As for the ESM, there is also some potential interest for housing providers. The proposed 2% of 2019 GDP lending can include both direct and indirect measures to prevent the spread of COVID-19. At this time of national lockdowns, having access to a safe and secure place to live is of the upmost importance. Therefore, there are a number of potential housing related uses for the ESM funding. In theory, construction, maintenance, provision of services and financial supports to tenants to meet their rent and related housing expenses are all within the scope of what has been agreed by the Eurogroup. However, the devil will be in the detail, as countries accessing ESM funding will have to agree on its uses before the money will be provided.

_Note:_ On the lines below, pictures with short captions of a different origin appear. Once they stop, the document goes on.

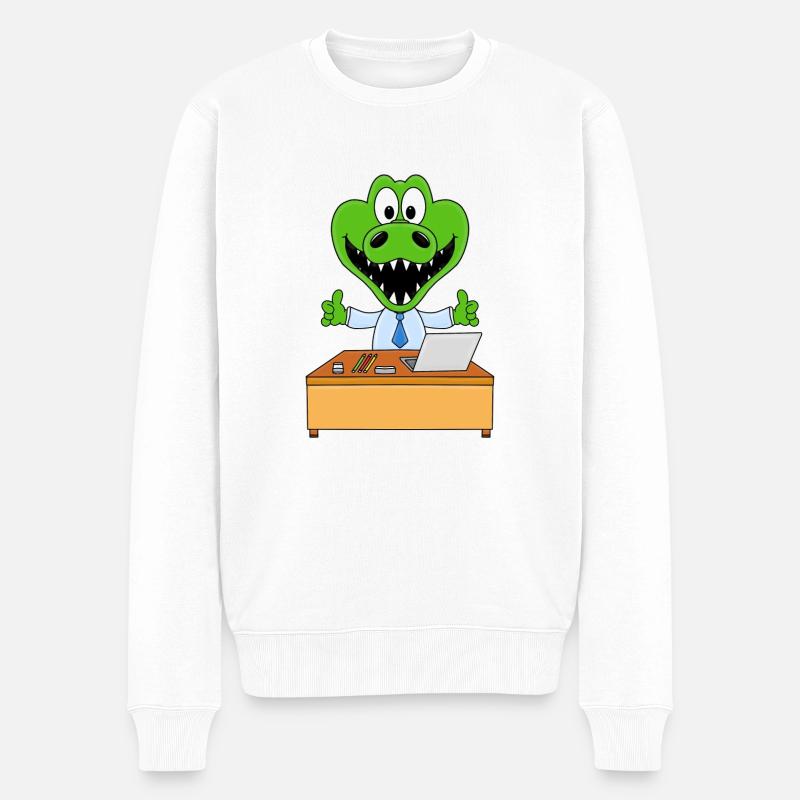 CHEF - MITARBEITER - ARBEIT - JOB - KROKODIL - Männer Premium Bio Pullover - Weiß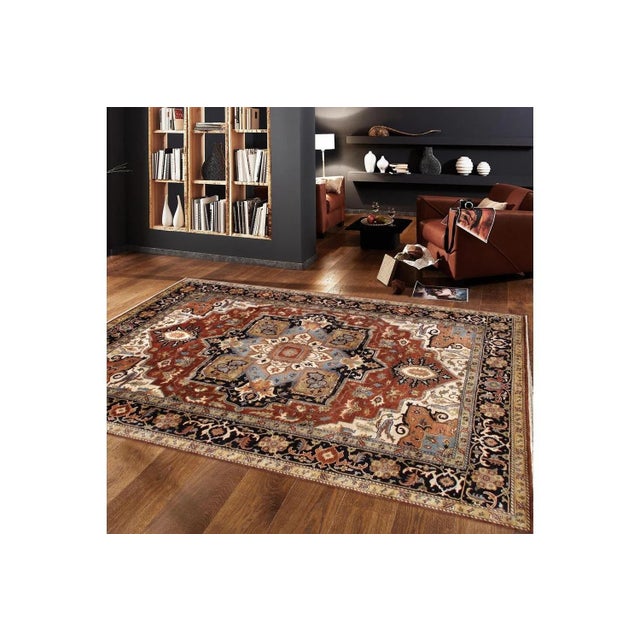 Pasargad Home Serapi Rust Wool Area Rug- 9' 8'' X 13' 8'' For Sale In New York - Image 6 of 6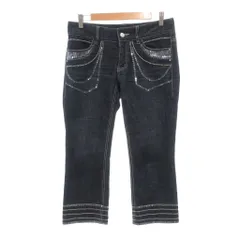 トゥービーシック TO BE CHIC デニムパンツ ジーンズ 42 紺 ネイビー クロップド丈 スパンコール装飾 ビーズ装飾 ECF005 /TQ ■ECF005のサムネイル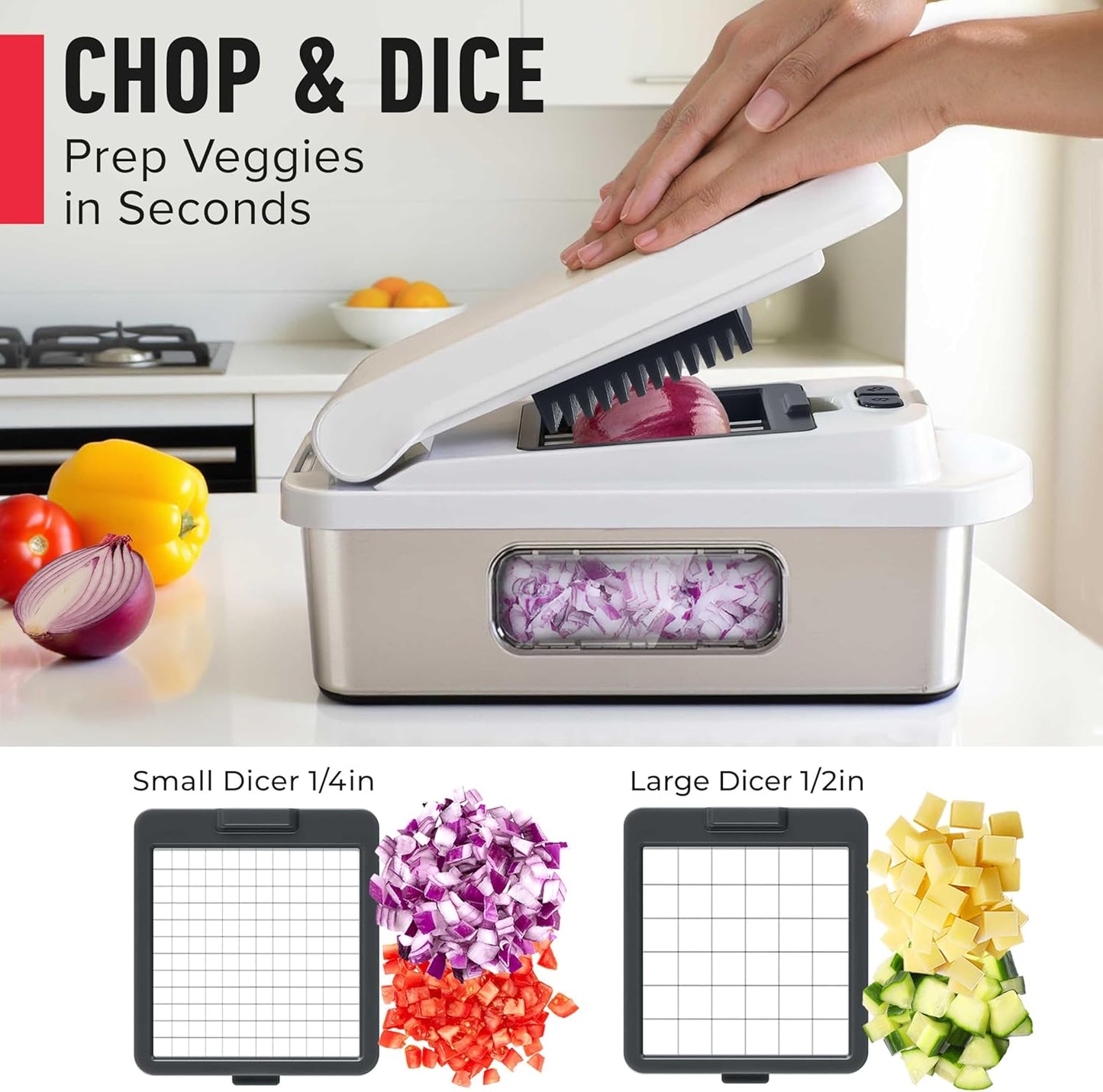 Mueller Pro-Series 10-in-1, 8 Blade Vegetable Chopper, Onion Mincer, Cutter, Dicer, Egg Slicer with Container, French Fry Cutter Potato Slicer, Home Essentials, Salad Chopper White Sand/Green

The final point, the Commission’s SURE initiative, perhaps provides the most explicit reference to support for social housing providers, noting that it will allow tenants to “pay their rent”. While this is very positive, that some social providers will experience a reduction in revenues in the coming months still seems quite likely. Therefore, the SURE scheme will help to alleviate the blow, but it will still be dealt.

Looking ahead to what we can refer to as ‘Stage Three’ of policy measures to provide support to European citizens and businesses, the focus will be on the long-term ‘recovery’. The measures agreed to date have mostly been aimed at addressing the immediate impacts of the crisis. Agreeing on how we get our countries moving again when things get ‘back to normal’, will prove to be more difficult. The Eurogroup, for its part has lobbed the ball back into the European Council’s court, stating that while it was prepared to work on a “Recovery Fund”, this was “subject to guidance from Leaders”.

The Eurogroup also stated that it welcomed “the Commission’s intention to adapt its…[annual budget framework]…proposal to reflect the new situation and outlook”. This reflects moves by the EU Budget Commissioner, Johannes Hahn, to increase spending in the next three years, to frontload efforts to support a recovery from the crisis.

There also remains the highly contentious issue of so-called ‘coronabonds’. They would represent a joint debt issuance by all nations in the EU and represent a unified effort to support post-COVID-19 recovery. If, when and how coronabond are to be used will also be decided on in ‘Stage Three’.

Thus, it is over to the European Council to add the last pieces of the puzzle. They are due to meet on the 23rd of April. Speaking ahead of that meeting and in reaction to the Eurogroup decisions, the Council President, Charles Michel, has said that “It is time to lay the ground for a robust economic recovery. This plan has to relaunch our economies whilst promoting economic convergence in the EU. The EU budget will have to play a meaningful role here. Together with the President of the Commission, I am working on a Roadmap and Action Plan to ensure the well-being of all Europeans and to bring the EU back to strong, sustainable and inclusive growth based on a green and digital strategy." So, watch this space.